1938 Grand National
- Location: Aintree Racecourse
- Date: 25 March 1938
- Winning horse: Battleship
- Starting price: 40/1
- Jockey: Bruce Hobbs
- Trainer: Reg Hobbs
- Owner: Mrs. Marion duPont Scott
- Conditions: Good to firm

= 1938 Grand National =

English steeplechase horse race

The 1938 Grand National was the 97th renewal of the Grand National horse race that took place at Aintree near Liverpool, England, on 25 March 1938.

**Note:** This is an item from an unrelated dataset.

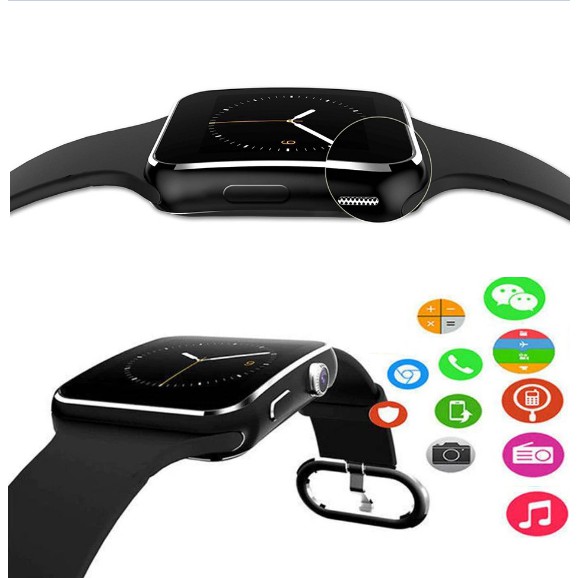 Đồng hồ thông minh Smartwatch X6 màu đen Kết Nối Bluetooth Hỗ Trợ Thẻ Nhớ Tf màn hình cong cao cấp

The steeplechase was won narrowly by American thoroughbred Battleship, a 40/1 shot ridden by 17-year-old jockey Bruce Hobbs and trained by Reg Hobbs, for owner Marion duPont Scott. Royal Danieli finished in second place, with Workman third and last year's second-placed Cooleen was fourth. Workman won the National the following year and Cooleen also finished fourth in 1939.

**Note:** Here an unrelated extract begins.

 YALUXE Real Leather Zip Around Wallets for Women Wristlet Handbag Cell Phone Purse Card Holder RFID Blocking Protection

Battleship is the only horse to have won both the Grand National at Aintree and the American Grand National.

Thirty-six horses ran in the race, including the previous year's winner Royal Mail, who was pulled-up before the second Canal Turn with a broken blood vessel.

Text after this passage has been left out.